Der erste schauet betrübt in sein Glas,
Seine Wange ist bleich und sein Auge ist naß:

"Die einst mich geliebet mit Herz und mit Mund,
Sie lieget gebettet im Grabesgrund.

Ihr holdes Wesen und Angesicht
Vergesse ich all mein Lebtag nicht!

So lange ich wandle im Erdental,
Werd ich sie missen in Schmerz und Qual.

Der zweite schiebet sein Glas beiseit:
"Mein Liebste hat einen andern gefreit.

Sie gab sich als Gattin dem lieblosen Mann,
Der mit blinkendem Golde ihr Herz gewann.

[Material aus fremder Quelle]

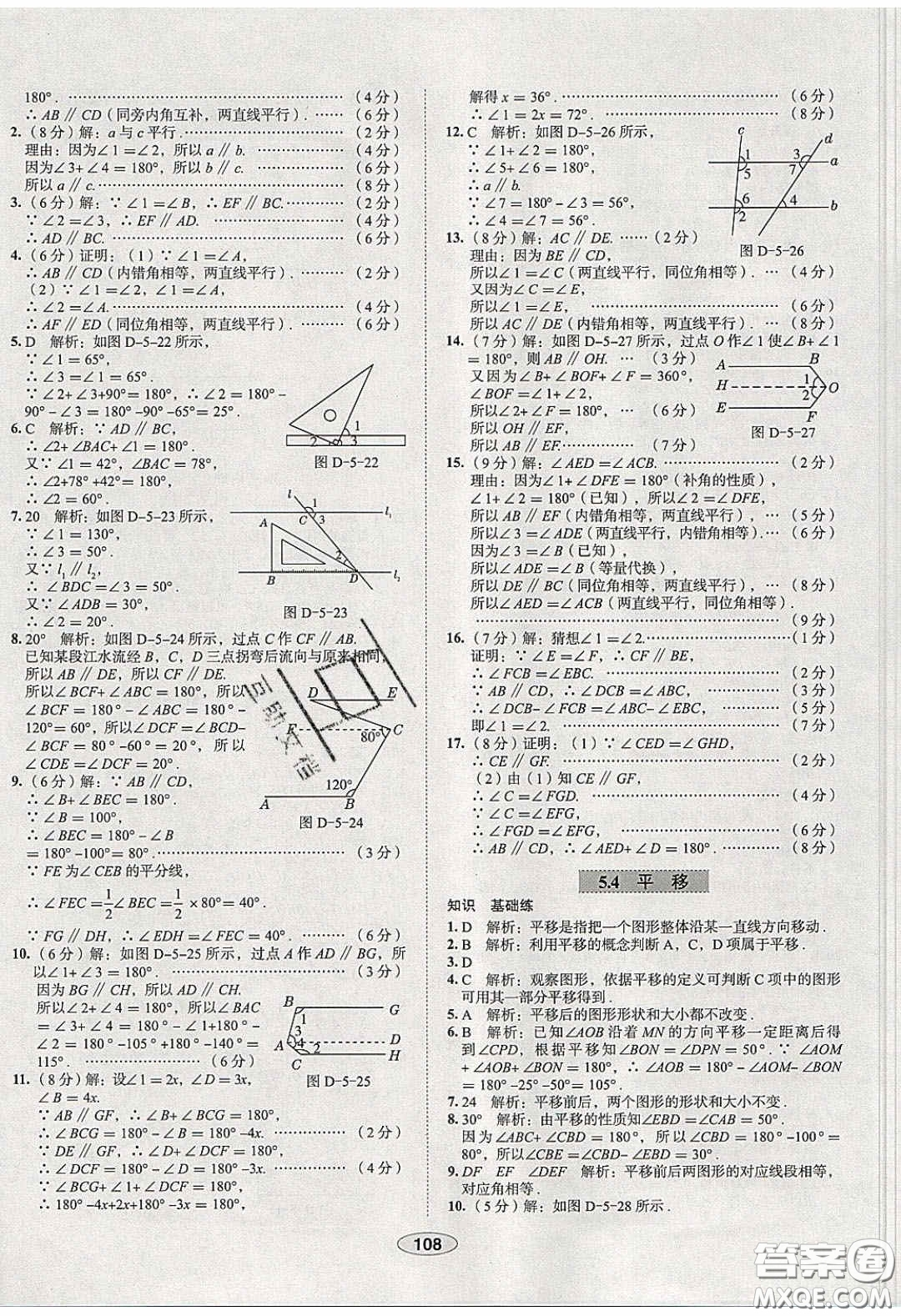 2020年中學教材全練七年級數(shù)學下冊人教版天津專用答案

Sie küßt ihn, die Falsche, und lächelt dazu,
Ich aber finde nicht Friede noch Ruh´."

Der Dritte hebet sein Glas in der Hand:
"Das Glück der Liebe hat nicht Bestand.

Ich küsse mein Liebchen mit glühendem Kuß,
Weil ich weiß, daß ich wieder es lassen muß.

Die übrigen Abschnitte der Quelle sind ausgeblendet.